====== Recorded information ======

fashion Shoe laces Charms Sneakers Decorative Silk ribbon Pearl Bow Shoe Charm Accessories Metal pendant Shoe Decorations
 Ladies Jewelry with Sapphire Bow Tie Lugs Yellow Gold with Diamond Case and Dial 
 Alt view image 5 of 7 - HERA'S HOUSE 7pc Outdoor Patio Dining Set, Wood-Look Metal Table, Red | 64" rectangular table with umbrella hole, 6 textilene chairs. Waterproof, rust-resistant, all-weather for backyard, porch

======

§ Your assignment:
Start printing at the line with "Ladies Jewelry with" and stop after the final line of the listing above, keeping every line exact.

§ Exercise answer:
 Ladies Jewelry with Sapphire Bow Tie Lugs Yellow Gold with Diamond Case and Dial 
 Alt view image 5 of 7 - HERA'S HOUSE 7pc Outdoor Patio Dining Set, Wood-Look Metal Table, Red | 64" rectangular table with umbrella hole, 6 textilene chairs. Waterproof, rust-resistant, all-weather for backyard, porch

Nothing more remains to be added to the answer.